THE DATA »
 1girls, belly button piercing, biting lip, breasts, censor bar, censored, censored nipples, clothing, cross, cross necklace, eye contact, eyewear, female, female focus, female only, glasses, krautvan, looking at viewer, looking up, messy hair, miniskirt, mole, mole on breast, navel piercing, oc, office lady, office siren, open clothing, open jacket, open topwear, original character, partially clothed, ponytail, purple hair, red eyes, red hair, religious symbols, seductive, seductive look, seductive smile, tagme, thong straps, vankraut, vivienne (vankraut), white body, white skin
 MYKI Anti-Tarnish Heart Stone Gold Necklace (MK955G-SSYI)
--
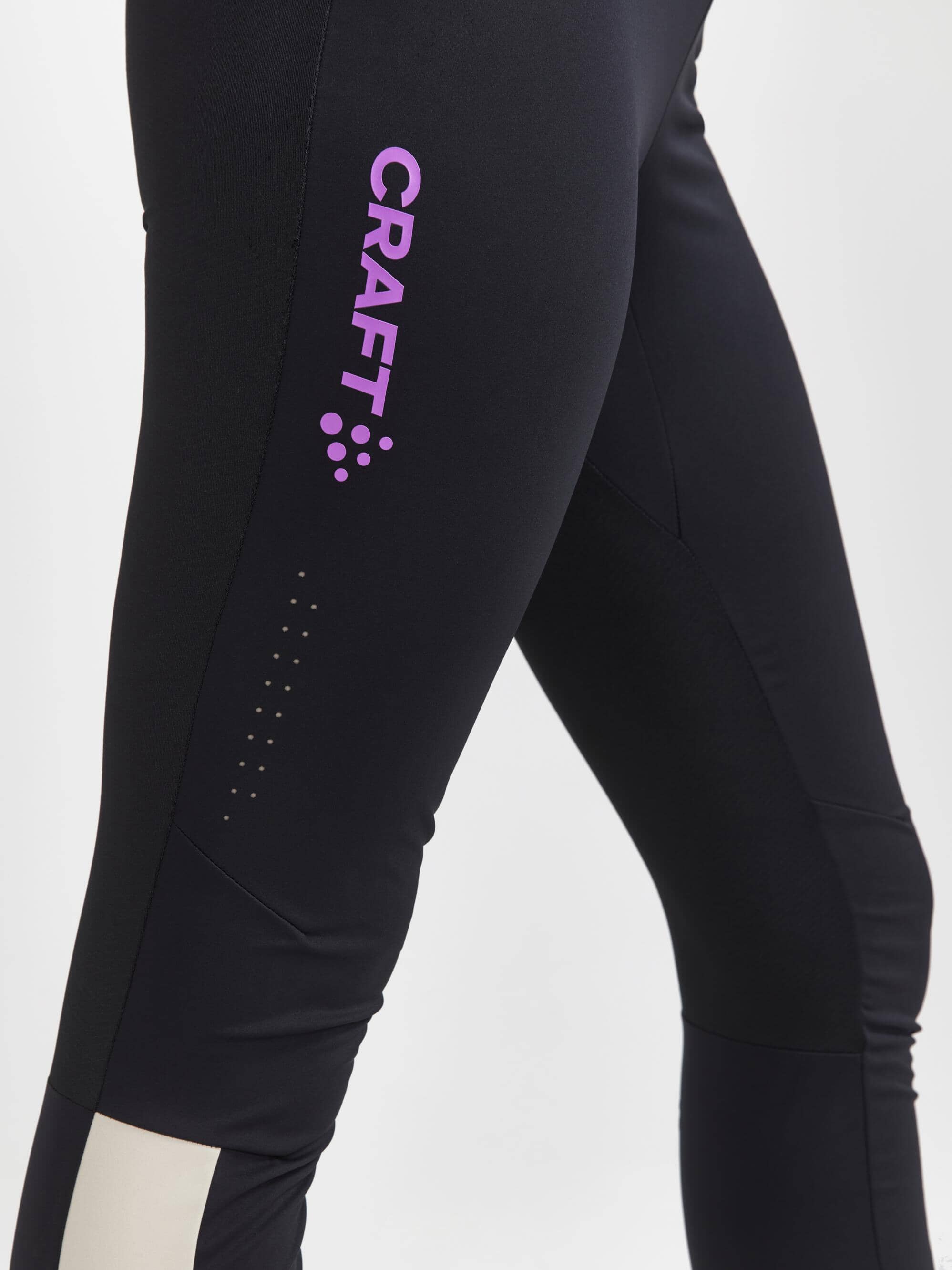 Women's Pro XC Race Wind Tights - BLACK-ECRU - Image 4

AIM OF THE TASK »
From the records above, transcribe without alteration every line from the one with "1girls, belly button" to the one with "MYKI Anti-Tarnish Heart", inclusive.

TASK SOLUTION »
 1girls, belly button piercing, biting lip, breasts, censor bar, censored, censored nipples, clothing, cross, cross necklace, eye contact, eyewear, female, female focus, female only, glasses, krautvan, looking at viewer, looking up, messy hair, miniskirt, mole, mole on breast, navel piercing, oc, office lady, office siren, open clothing, open jacket, open topwear, original character, partially clothed, ponytail, purple hair, red eyes, red hair, religious symbols, seductive, seductive look, seductive smile, tagme, thong straps, vankraut, vivienne (vankraut), white body, white skin
 MYKI Anti-Tarnish Heart Stone Gold Necklace (MK955G-SSYI)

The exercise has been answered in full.